#### Work item
Please print, exactly, only the lines in the entries below from the line that has "a table and" through the line that has "an overhead view". Pictures don't go in.
Input records: Begin
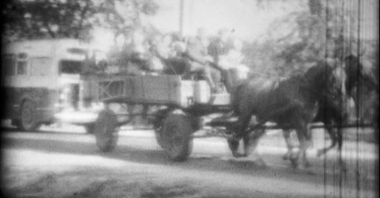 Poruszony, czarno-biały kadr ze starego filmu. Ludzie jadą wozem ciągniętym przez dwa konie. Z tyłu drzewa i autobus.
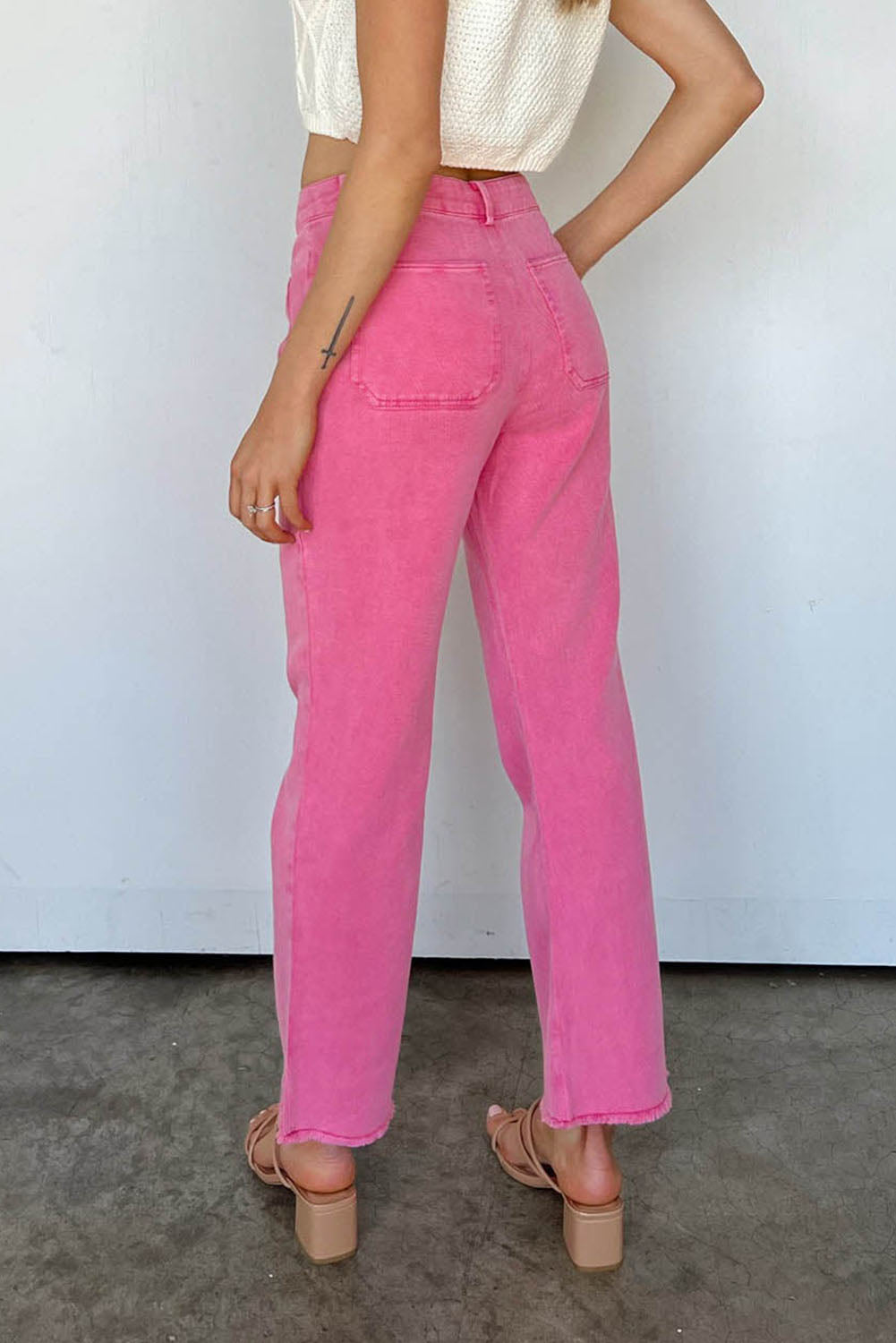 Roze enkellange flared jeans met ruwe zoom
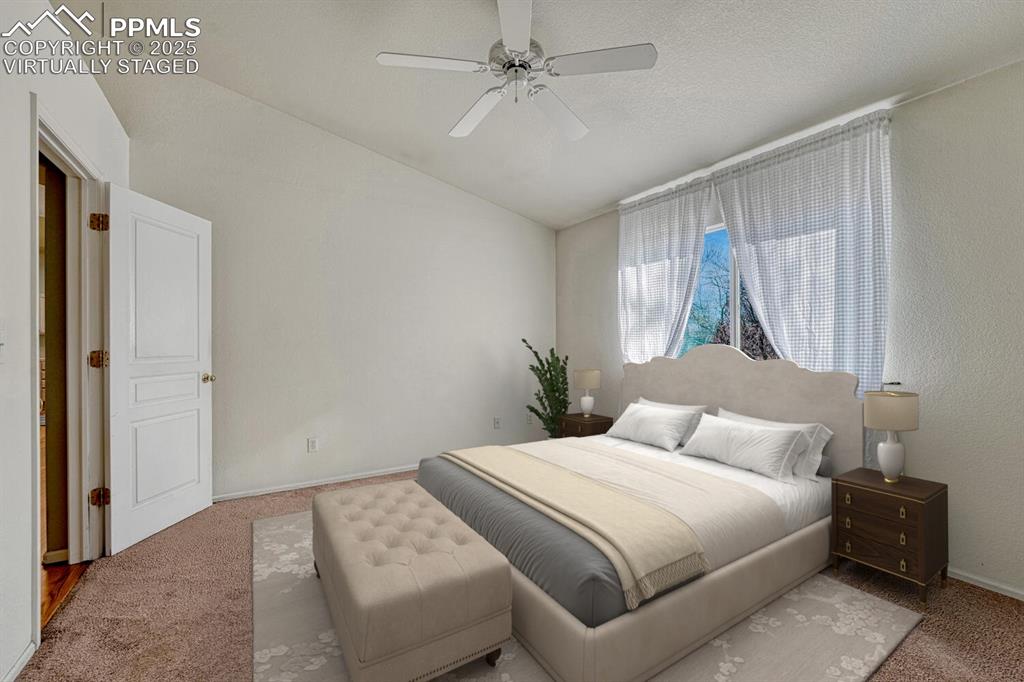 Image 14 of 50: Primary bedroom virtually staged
Input records: End
Input records: Begin
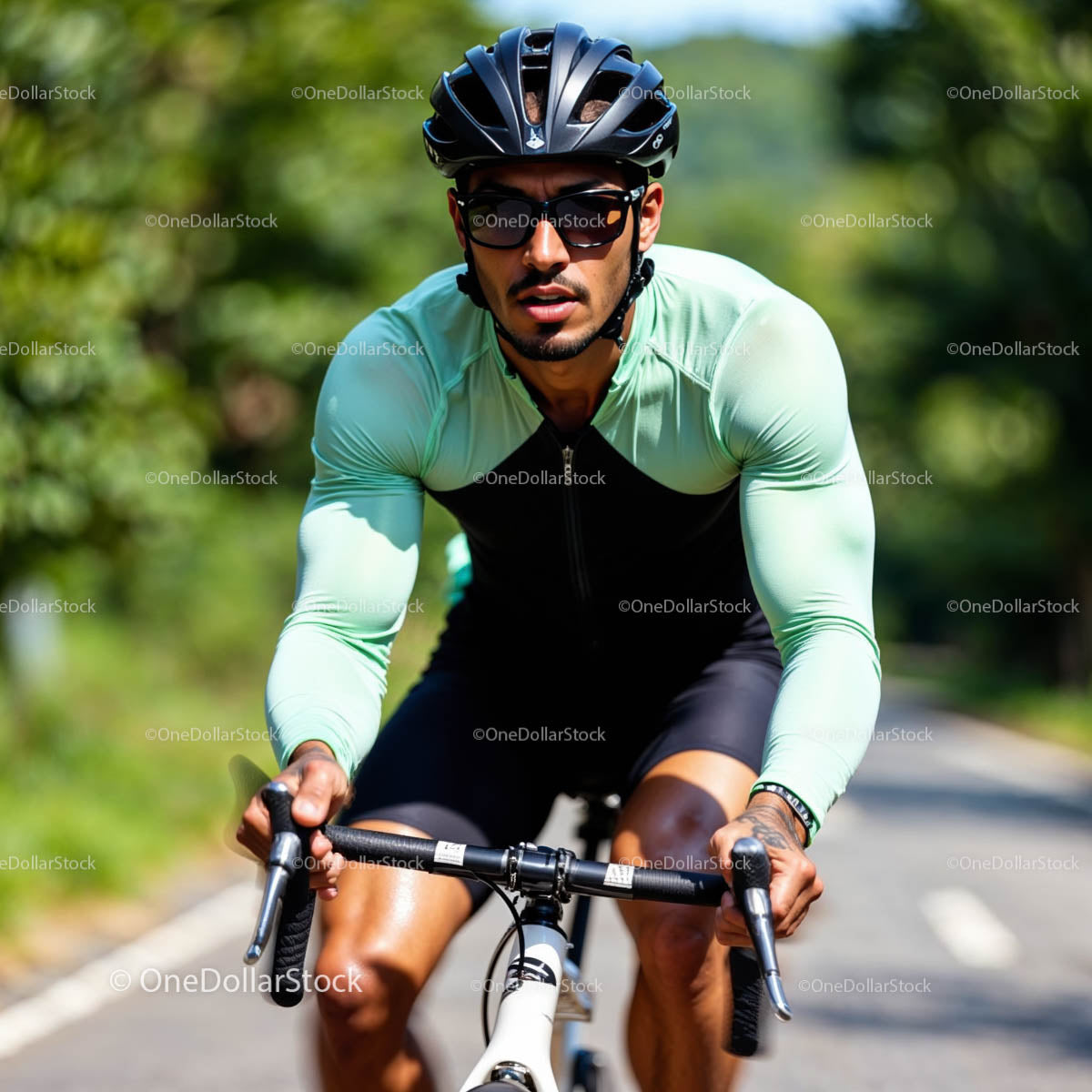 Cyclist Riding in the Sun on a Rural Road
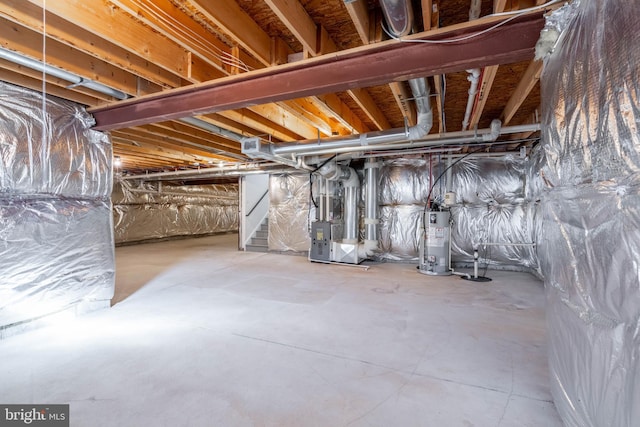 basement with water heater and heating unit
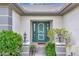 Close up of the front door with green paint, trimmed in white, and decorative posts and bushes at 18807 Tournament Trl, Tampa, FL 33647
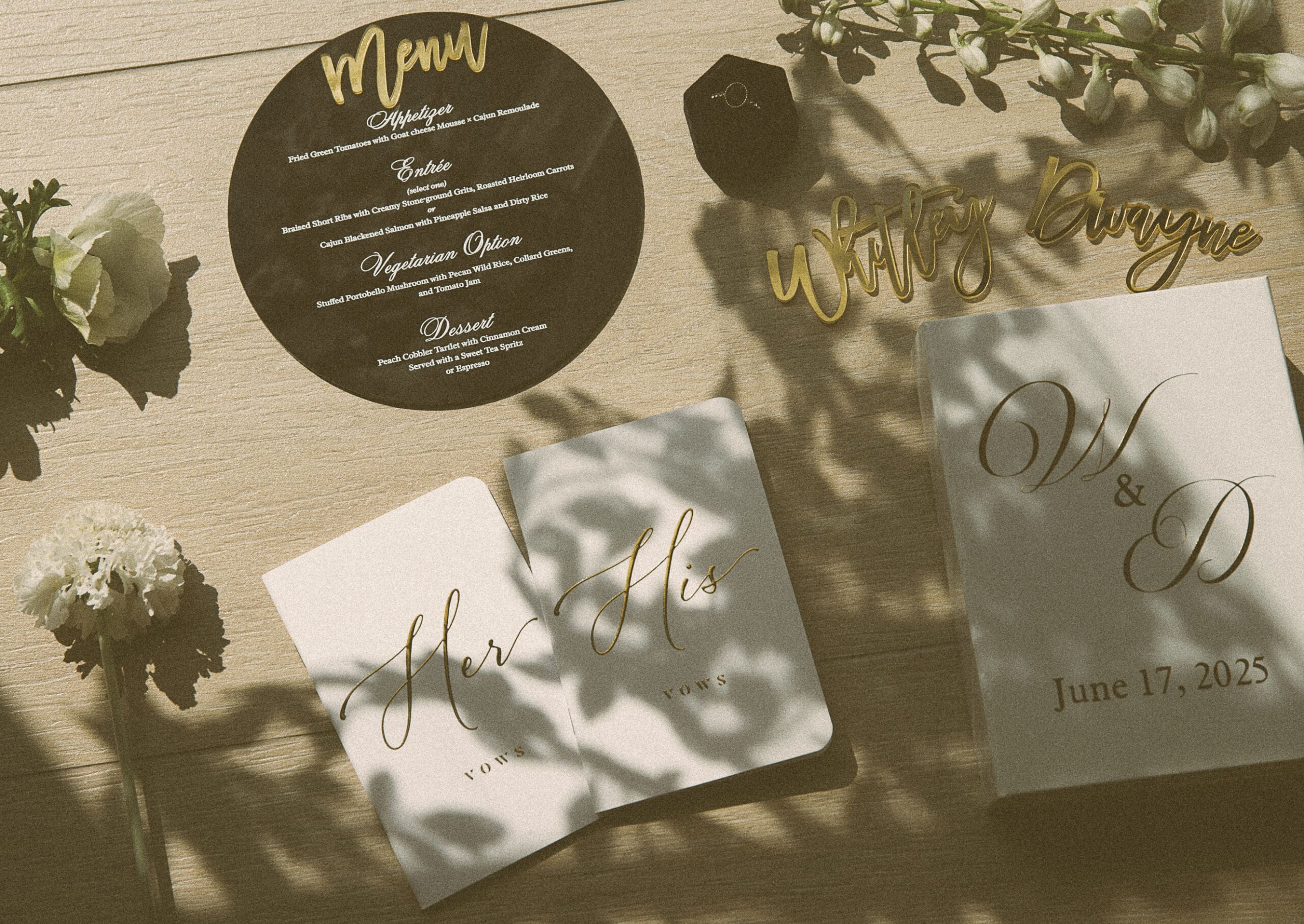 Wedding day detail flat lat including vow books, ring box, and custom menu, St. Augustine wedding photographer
Input records: End
Input records: Begin
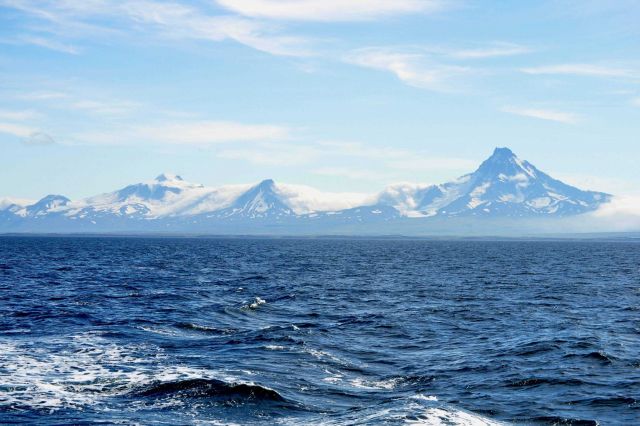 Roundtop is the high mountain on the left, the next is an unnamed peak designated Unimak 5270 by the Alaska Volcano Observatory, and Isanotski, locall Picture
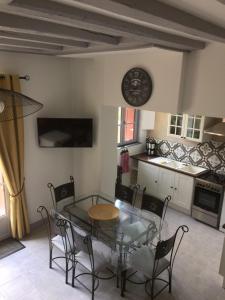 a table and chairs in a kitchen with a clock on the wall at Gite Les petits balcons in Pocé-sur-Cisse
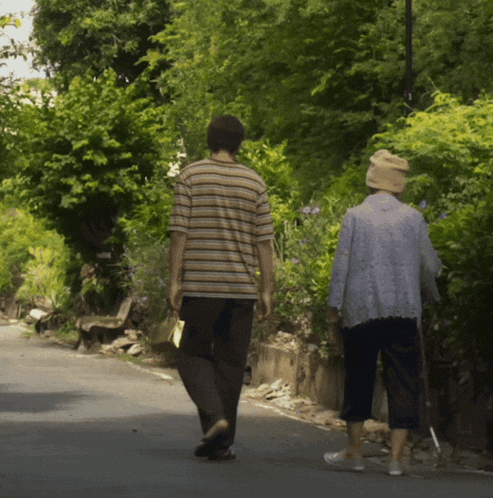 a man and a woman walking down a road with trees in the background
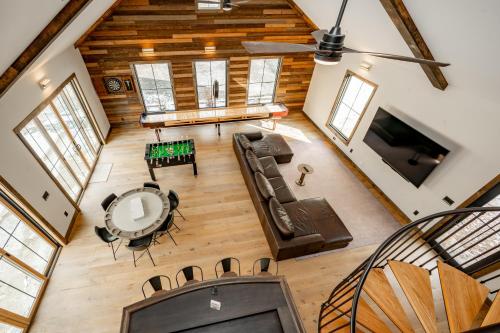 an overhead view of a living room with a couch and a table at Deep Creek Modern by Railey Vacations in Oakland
Input records: End
#### Answer for the task
 a table and chairs in a kitchen with a clock on the wall at Gite Les petits balcons in Pocé-sur-Cisse
 a man and a woman walking down a road with trees in the background
 an overhead view of a living room with a couch and a table at Deep Creek Modern by Railey Vacations in Oakland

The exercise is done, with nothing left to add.